The Luchtsingel is open. Decades after their separation, the 400-meter-long pedestrian bridge has reconnected three districts in the heart of Rotterdam. The Luchtsingel was initiated and designed by the Rotterdam-based architects ZUS and is the world's first piece of public infrastructure to be accomplished mostly through crowdfunding. Together with the new public spaces, including the Delftsehof, Dakakker, Pompenburg Park, and the Hofplein Station Roof Park, a 'three-dimensional cityscape' has arisen.
When, in 2011, it was announced that a planned office development in Rotterdam Central District had been cancelled, leaving many existing office spaces vacant as a result, ZUS decided to take matters into their own hands. They used a former office building, the Schieblock, to develop a city laboratory, which currently acts as an important incubator for young entrepreneurs. With its ground-floor store, bar, culinary workshop, information centre, and its rooftop field called the Dakakker, Europe’s first urban farming roof, it has become a prototype for sustainable development.

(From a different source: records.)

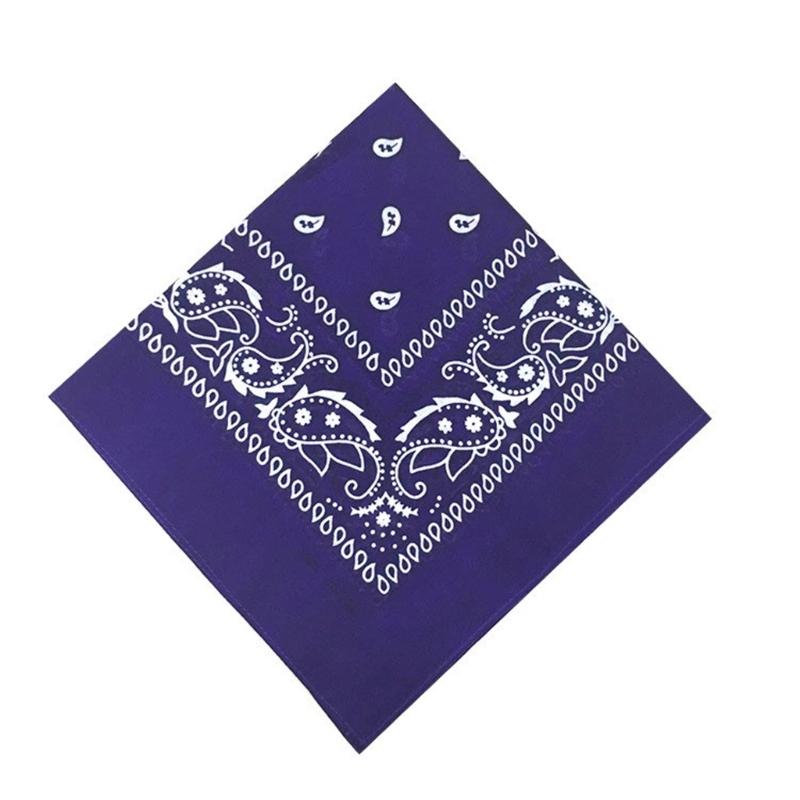 

Bandanas Head Scarf Neckerchief Motorbike Scarf Handkerchiefs Cotton Head Scarf Hip Hop Scarves Outdoor Bandanas фіолетовий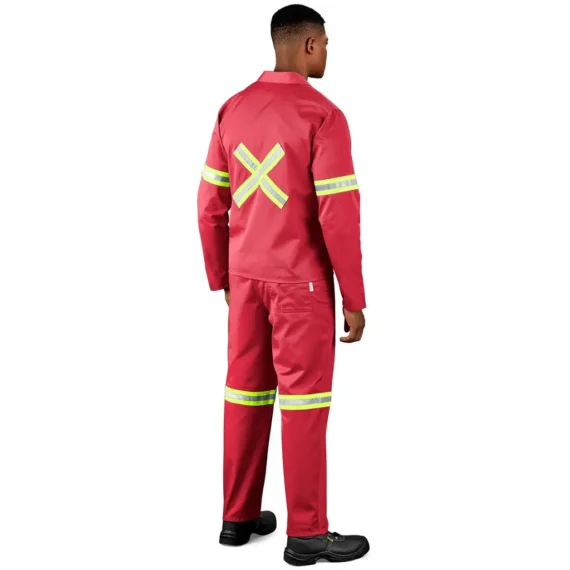 Trade Polycotton Conti Suit – Reflective Arms, Legs & Back – Yellow Tape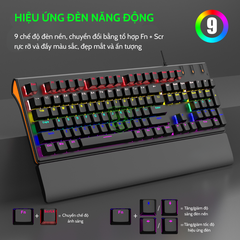 BÀN PHÍM CÓ DÂY CHÍNH HÃNG DEIOG DY-M105 LED RGB (TRẮNG)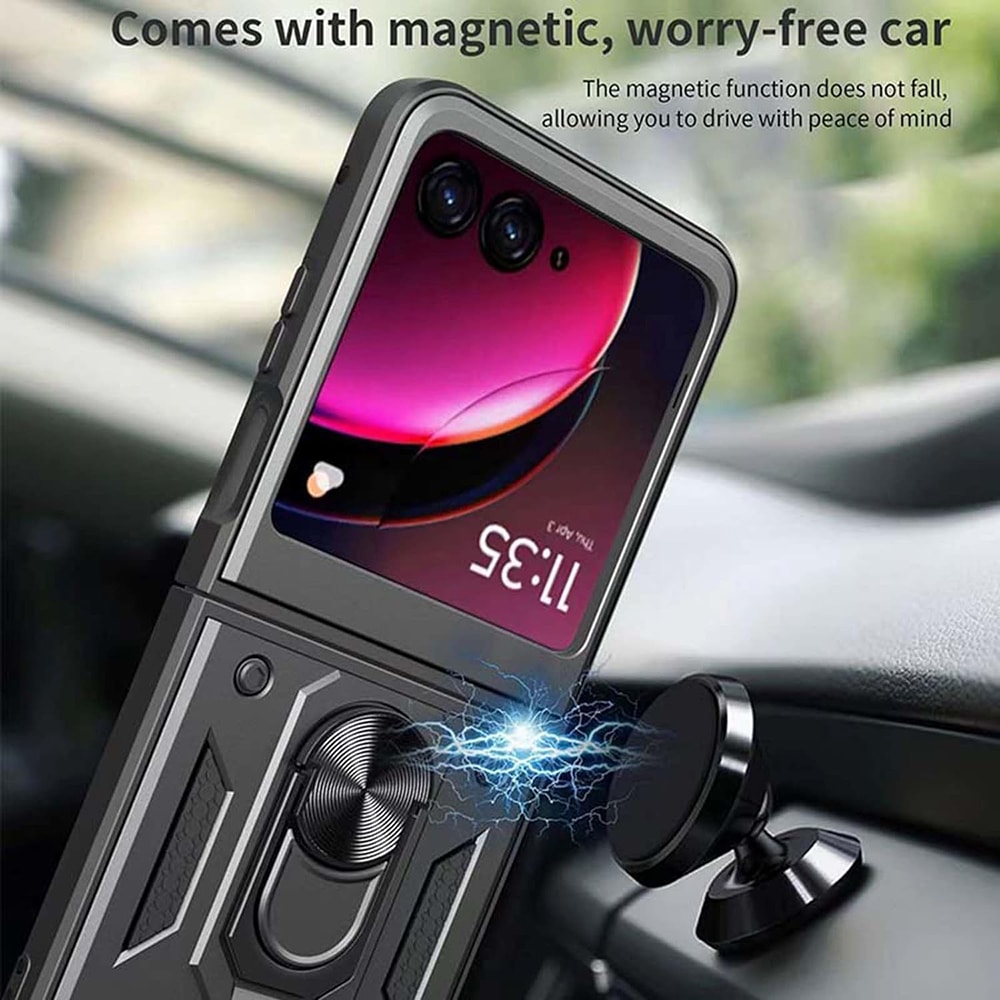 Techsuit CamShield Series - θήκη για Motorola Razr 50 / 60 - Μαύρο - Image 4
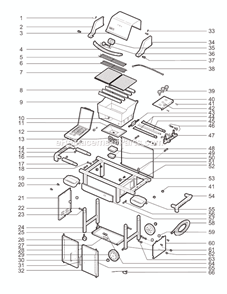 Page A Diagram and Parts List for 3831001 2008 Weber Grill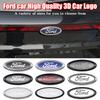 AJI1 ABS Car Front Grille Rear Trunk Logo Emblem Stickers For Ford Focus Edge Mondeo Ecosport Fusion Ranger Fiesta Kuga Accessories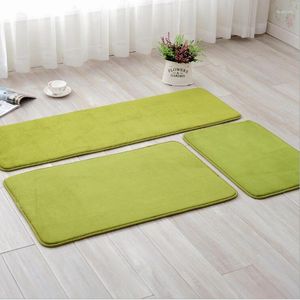 Carpets Solid Kitchen Rugs Floor Bedroom Bedside Mat Anti-Slip Doormat Bathroom Bath Mats Toilet Living Room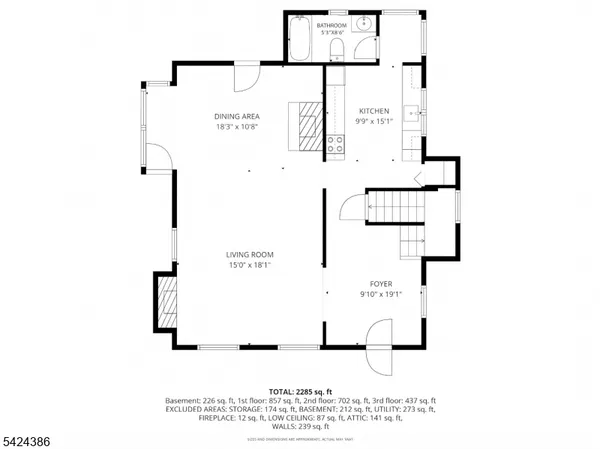 $599,000 | 5 Willow Street, Cranford, NJ 07016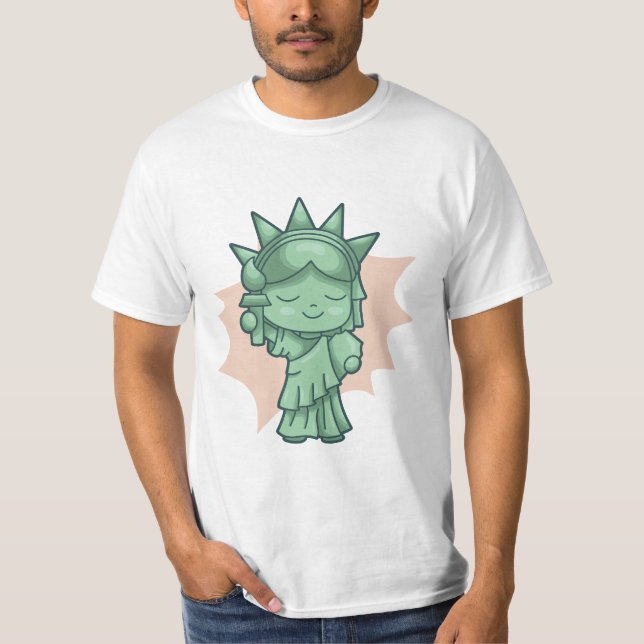 CAMISETA ESTATUTO DE CHIBI DA LIBERDADE NOVA IORQUE (Frente)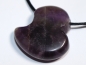 Preview: amethyst with cord or silver 925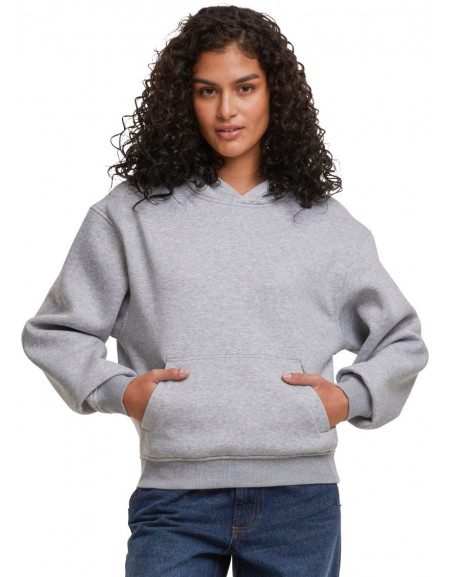 Pulover cu glugă, gros, de damă, „Croială lejeră”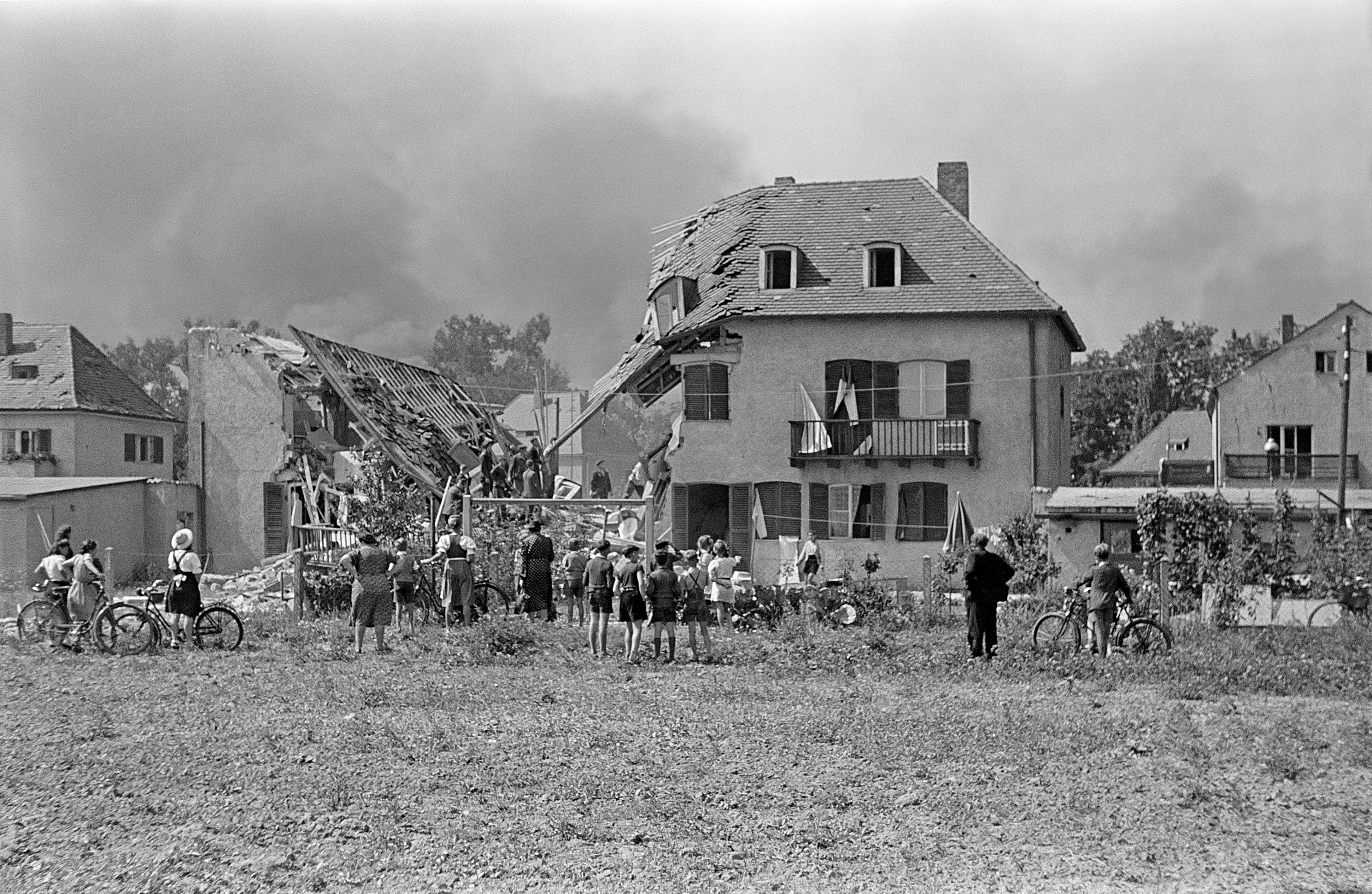 Fotografie: Trümmer Yorckstraße 7 und 9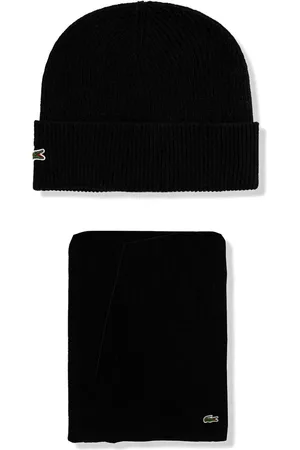 Lacoste Logo-appliqué beanie (set of two)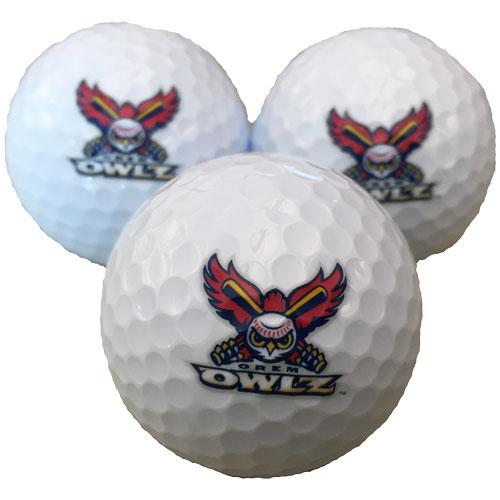 Orem Owlz 3-Pack Golf Balls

Next followed the Delftsehof, which became one of Rotterdam's most vibrant nightlife areas, and then the child-friendly Pompenburg Park, where a vegetable garden has been landscaped next to a playground. The roof of the former Hofplein Station is currently being developed as a green space and events terrain. Additionally, the Hofpoort, a huge, empty office tower in the area, will be programmed by ZUS for the coming two years. These varied and new public spaces return this former heart of Rotterdam back to being green and liveable, with the Luchtsingel running throughout as a unifying factor. By simply increasing accessibility for pedestrians, the 400-meter-long bridge will ensure synergy between the various sites. It is now the norm to walk from the Station Quarter to the North, and to the Laurenskwartier via Pompenburg. These distinctive connections give the area a unique position in Rotterdam's urban fabric.
'The Luchtsingel, together with the transformed buildings and new public spaces, forms a new three-dimensional cityscape', says Kristian Koreman, partner at ZUS.